**What you should do**
Among the lines below, output only those between the line holding "ブルゾン L ブラック メンズ" and the line holding "Armament Dragon - Tarkir: Dragonstorm", inclusive, exactly as written and with no pictures.

**Records for the exercise**
= = =

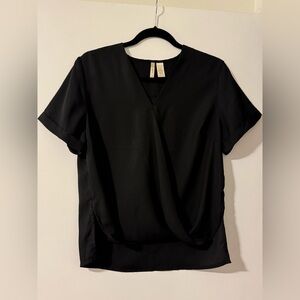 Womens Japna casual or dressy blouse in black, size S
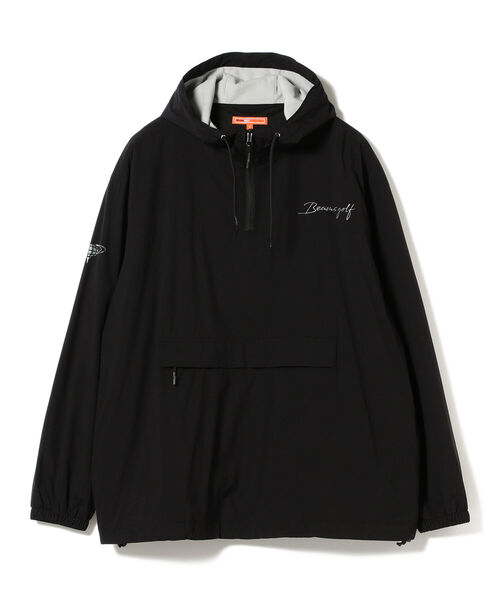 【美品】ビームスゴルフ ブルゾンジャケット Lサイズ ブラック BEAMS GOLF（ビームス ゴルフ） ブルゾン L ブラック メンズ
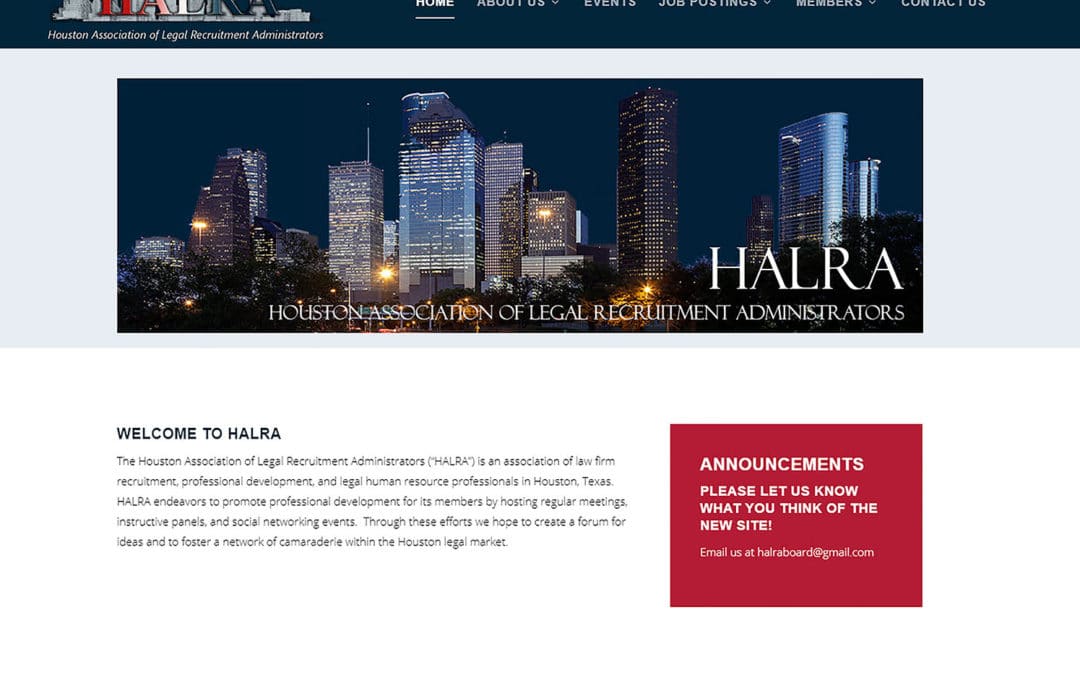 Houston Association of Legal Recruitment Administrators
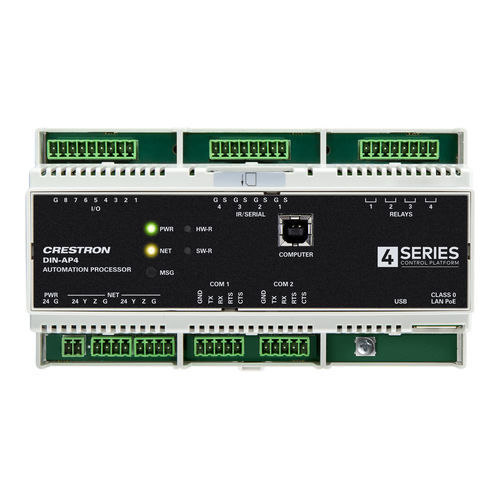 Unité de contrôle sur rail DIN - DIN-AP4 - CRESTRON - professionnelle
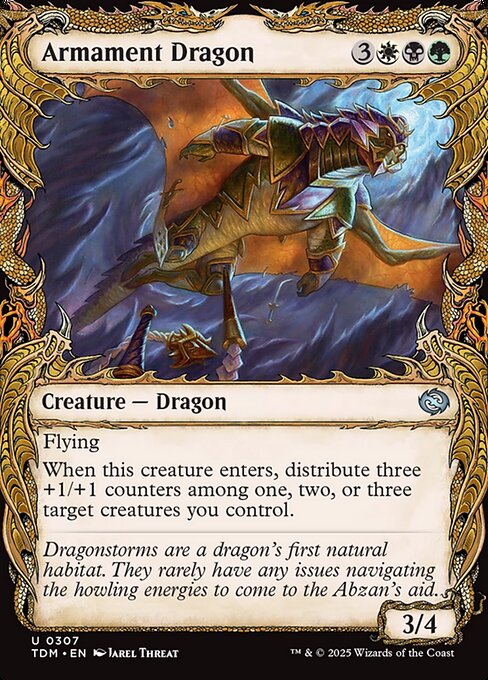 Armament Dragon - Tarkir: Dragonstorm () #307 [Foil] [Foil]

= = =

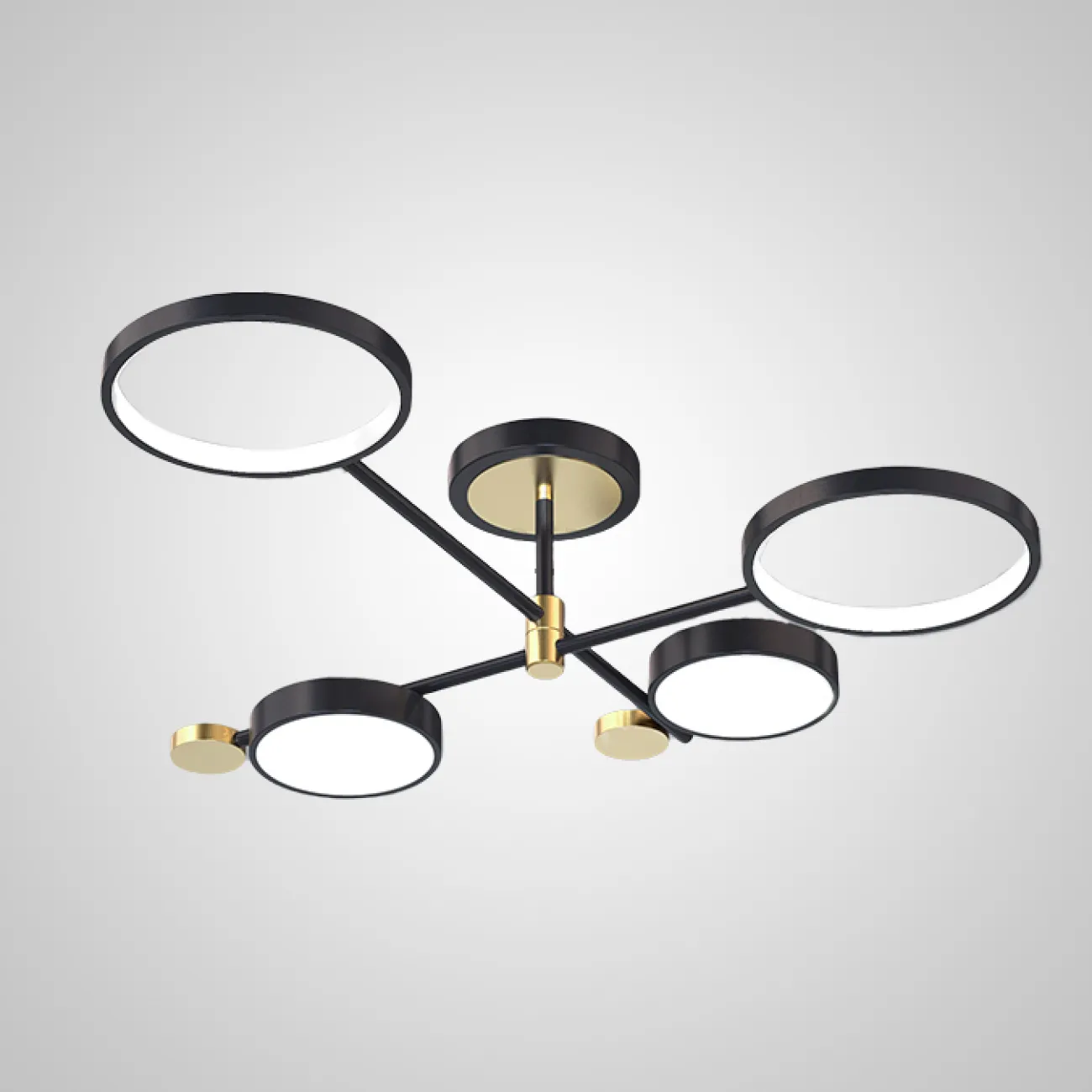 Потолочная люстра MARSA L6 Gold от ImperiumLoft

= = =

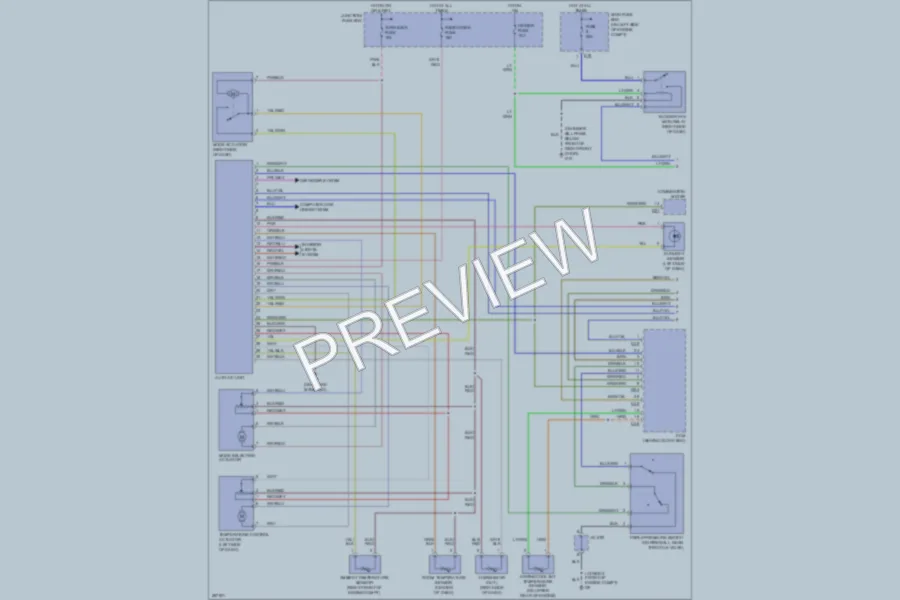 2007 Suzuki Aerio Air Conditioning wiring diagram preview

= = =

**Exercise answer**
 【美品】ビームスゴルフ ブルゾンジャケット Lサイズ ブラック BEAMS GOLF（ビームス ゴルフ） ブルゾン L ブラック メンズ
 Houston Association of Legal Recruitment Administrators
 Unité de contrôle sur rail DIN - DIN-AP4 - CRESTRON - professionnelle
 Armament Dragon - Tarkir: Dragonstorm () #307 [Foil] [Foil]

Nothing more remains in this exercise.